The city’s projected revenue is $20.4 million, including a projected $1 million increase in sales and use tax, from $11.5 million in 2024 to $12.5 million in 2025.

Even with that increase, the budget is left with a deficit of $1.9 million. The council made up the difference by applying $2 million from the city’s reserves to balance the budget. With that $2 million infusion, the budget is projected to have a surplus of $93,000. That’s a razor-thin margin of .004% of the city’s $22.3 million budget.

The council had to work around two major hurdles to create the 2025 budget. First, the council had to find a way to make up losing $2 million from the federal American Rescue Fund Act, which expired on Sept. 30. And the council had to cover $2.4 million to pay off a 2016 loan.

The payments for the warrant, a type of loan, ballooned to about 10% of the city’s budget in 2024, and it will stay that high until it’s paid off in 2031. Refinancing the loan is not an option, the council learned from its investment banker earlier this summer.

To put it in perspective, the city will spend almost as much on loan payments in 2025 as it will spend on public works for the year.   

The budget includes $450,000 for the citywide camera surveillance system, which was approved in June but has not been installed. The budget places the funds in the police department’s budget, while Perkins’ budget called for it to be placed in the information technology department budget.

Litter and garbage take up an additional $470,000 of the budget. The budget calls for $320,000 to join with Dallas County in a litter control program and $150,000 to pay for garbage pick-up for residents who are on Social Security disability. State law requires the city to cover the cost of garbage pickup for citizens on disability.

The city will spend about $10.6 million for salaries. Finance Committee Chairman Troy Harvill said that while the council “would like to give everybody a larger raise,” they had to adjust salaries “to try to stay in line.”

As it is, the 2025 budget calls for spending $826,000 more on salaries than the 2024 budget.

The police department is budgeted for $5.6 million, plus another $504,000 to support the 911 service. The fire department will receive $3.9 million.

The public works department will spend $2.4 million, and the cemetery department is budgeted for $480,000. The recreation department’s budget is $526,000.

The city council held a series of meetings with department heads as they worked on the budget. Approving the budget Sept. 26 were Harvill, Young, President Pro Tem Clay Carmichael, and Councilmembers Christie Thomas and Jannie Thomas.

Councilmembers Lesia James, Samuel Randolph, Atkin Jemison and Michael Johnson were absent.

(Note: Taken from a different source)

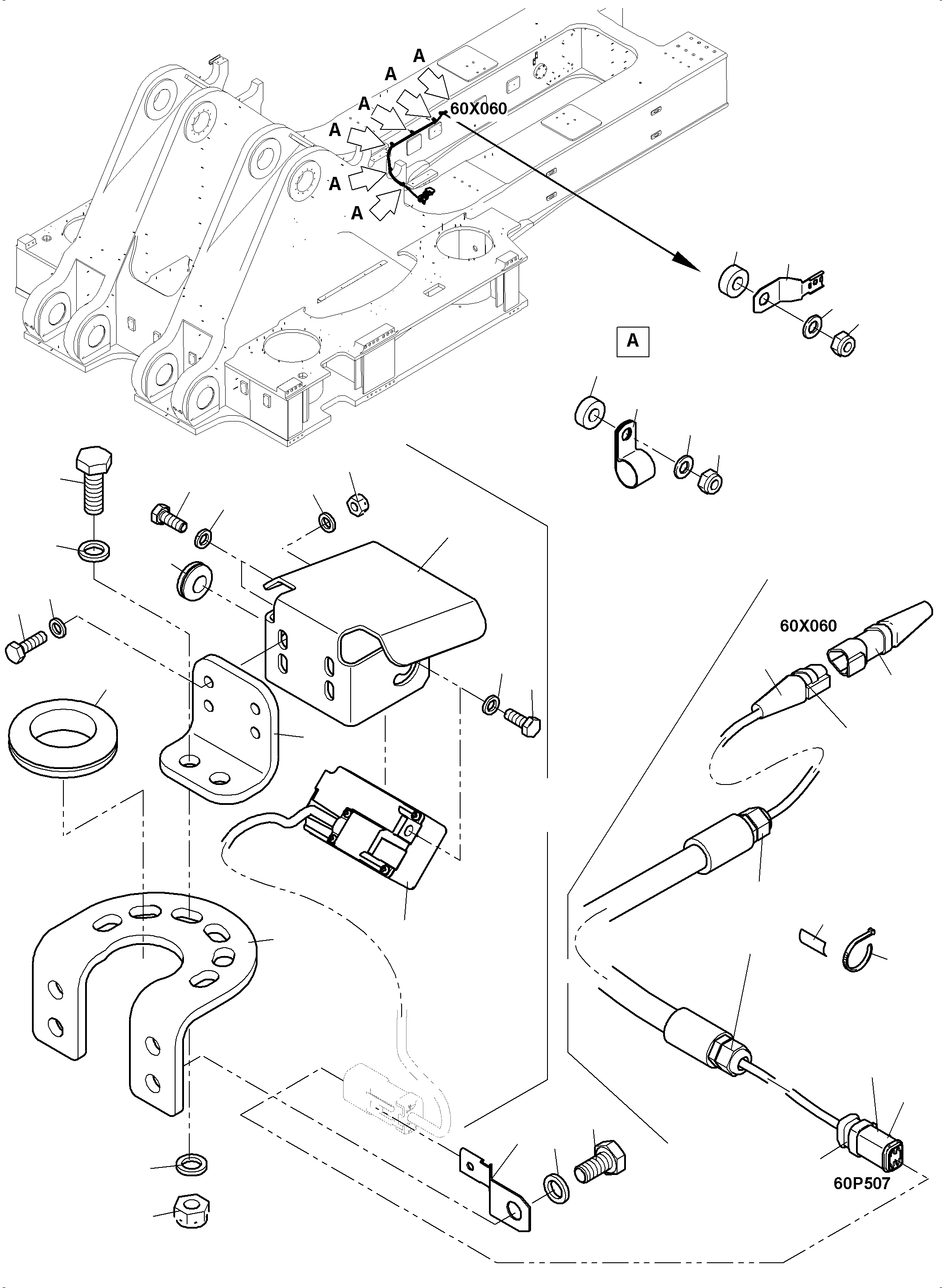 Komatsu parts book diagram for PC8000-11 S/N 12117: COMVISION CAMERASYSTEM CABINE,CAB.SUPPORT, CAB.PODIUM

The city of Selma did not have a budget for the 2023 fiscal year, which started on Oct. 1, 2022. The mayor’s office and the council could not agree on a budget for the entire year. In fact, when the council approved a budget in March 2023 that defunded unfilled positions just as it did in the new budget, Perkins was so upset that he sued the council and got an injunction preventing the budget from taking effect.

The council and the mayor worked things out, and the city operated with a budget in the 2024 fiscal year.